The 32-km long Wadala to Kasarvadavali Mumbai Metro Line 4 corridor will pass through Kurla East. The station will be the interchange station on Line 2B and Line 4. The stations on the two liners were originally designed around 480 metres apart. However, in May 2019, the MMRDA modified the designs and decided to merge both stations for the convenience of commuters.

== Entertainment ==
Phoenix Marketcity (Mumbai), one of Mumbai's largest malls, is situated on L.B.S. Marg, Kurla (West)

== Education ==
Kurla has one engineering college, Don Bosco Institute of Technology, and several schools, including:-.

- Al Barkaat Malik Muhammad Islam English School
- Holy Cross High School
- Michael High School, Kurla

== Notable people ==

- Iqbal Abdulla, Indian cricketer, playing in Royal Challengers Bangalore
- Shaikh Shamim Ahmed, MLA, Indian politician and Senior Congress leader
- Steven Dias, Indian football player (former resident)
- Erica Fernandes, model and actress
- Gurudas Kamat, politician and former member of parliament
- Navneet Kaur, actress (former resident) MP Amravati
- Kamran Khan, cricketer, former Pune Warriors player
- Sarfaraz Khan, Royal Challengers Bangalore
- Musheer Khan, cricketer, Mumbai & Punjab Kings player
- Nawab Malik, a former minister of Maharashtra, former MLA and a leader of the Nationalist Congress Party.
- Naezy, Rapper, Pioneer of Mumbai Hip-Hop scene.
- Candice Pinto, model and Miss Tourism International 2002
- Balwinder Sandhu, Indian Test cricketer

== Hospitals ==

=== Khan Bahadur Bhabha Hospital ===
The Khan Bahadur Bhabha Municipal General Hospital, on Belgrami Road, near Bharat Cinema, is one of Mumbai's 16 peripheral hospitals run by the Brihanmumbai Municipal Corporation. It has more than 300 beds and provides secondary-level referral health care services. The hospital started off in 1935 as a 30-bed maternity home called Khan Bahadur Hospital. An outpatient department (OPD) was added in 1950, converting it into a general hospital. Several other departments like surgery and pediatrics were added from 1962 on.

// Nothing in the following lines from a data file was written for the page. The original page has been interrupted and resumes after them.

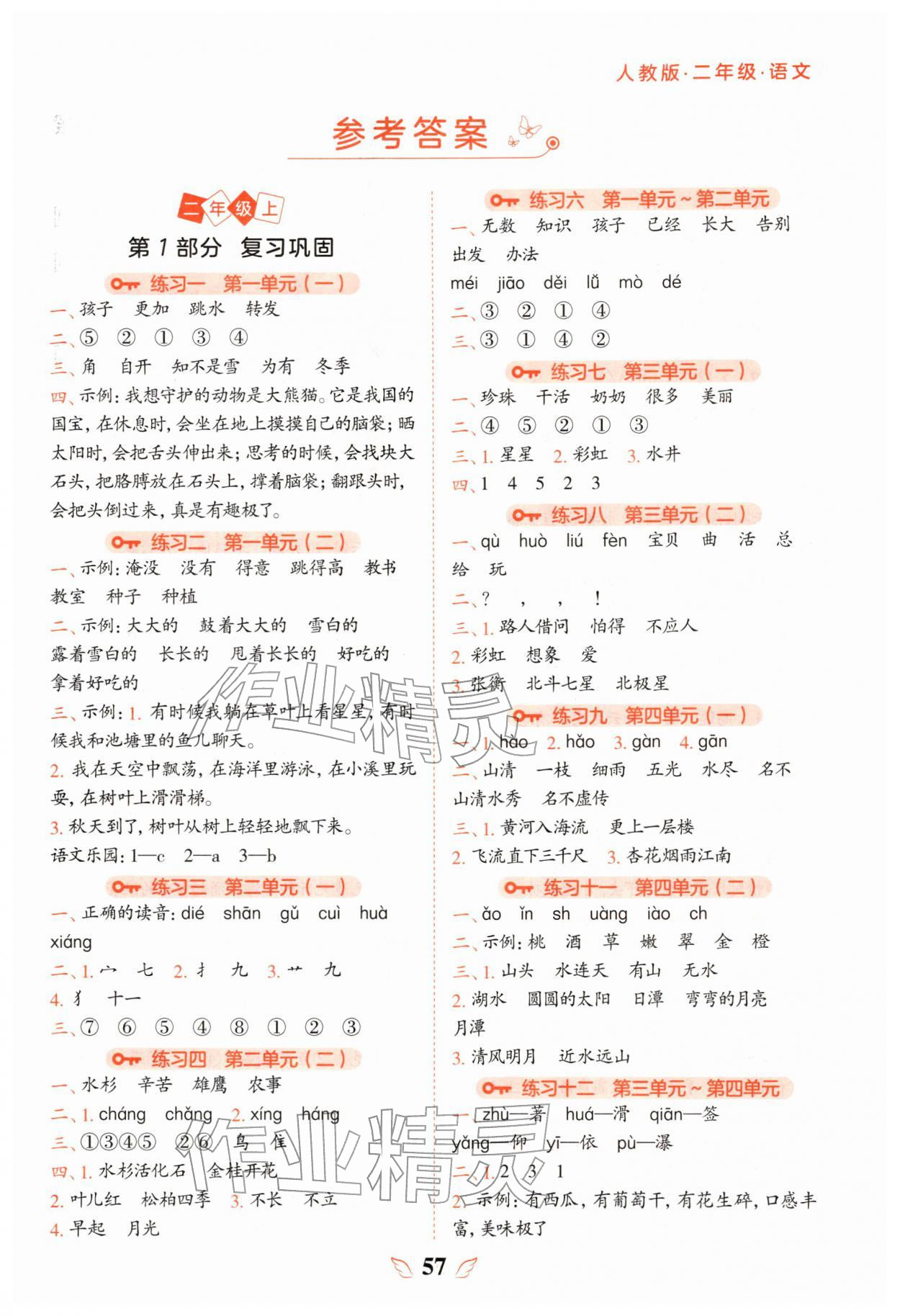 2026年假日時(shí)光寒假作業(yè)陽(yáng)光出版社二年級(jí)語(yǔ)文全一冊(cè)人教版&nbsp;第1頁(yè)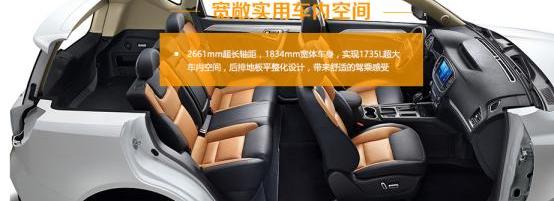 博越,帝豪,沃尔沃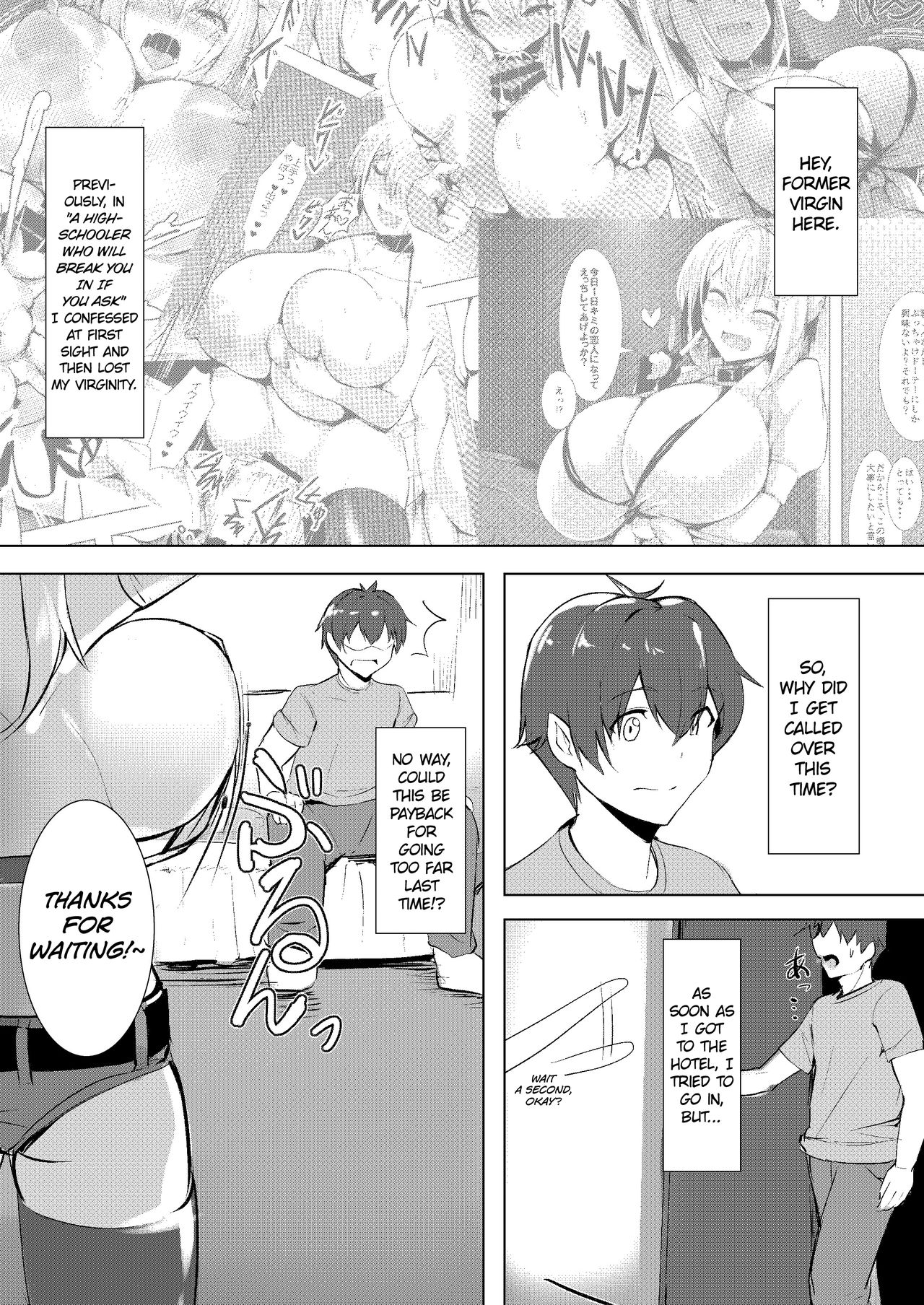 Bakunyuu Gal to Cos Ecchi Shitee!! - Page 4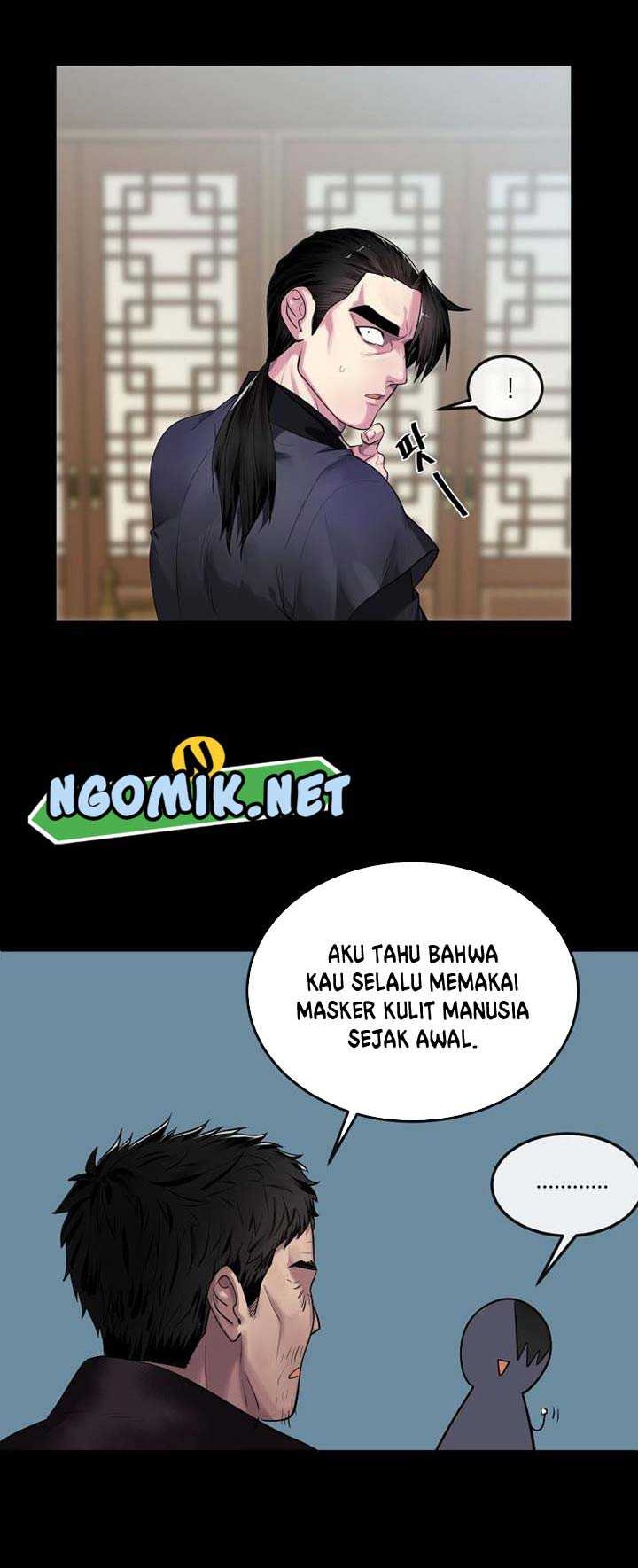Halaman 47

Additionally, 'L' Ward has 9 municipal dispensaries, 12 municipal health posts and 67 privately run nursing homes and hospitals.

Kohinoor Hospital was founded in 2005. Its 227,500 sq.ft, structure is the first LEED – Platinum rated Hospital in Asia. The hospital was acquired by CritiCare Asia Multispecialty Hospital and Research Center and was renamed CritiCare Asia Multispeciality Hospital Kurla in 2022. The hospital is equipped with 24X7 Trauma care, ICU, ICCU, NICU, MICU, state of the art Operation Theatre for minor, major, and supra major surgeries, pathology & diagnostic centre and stroke unit, nephrology and oncology center among others catering to all medical emergencies.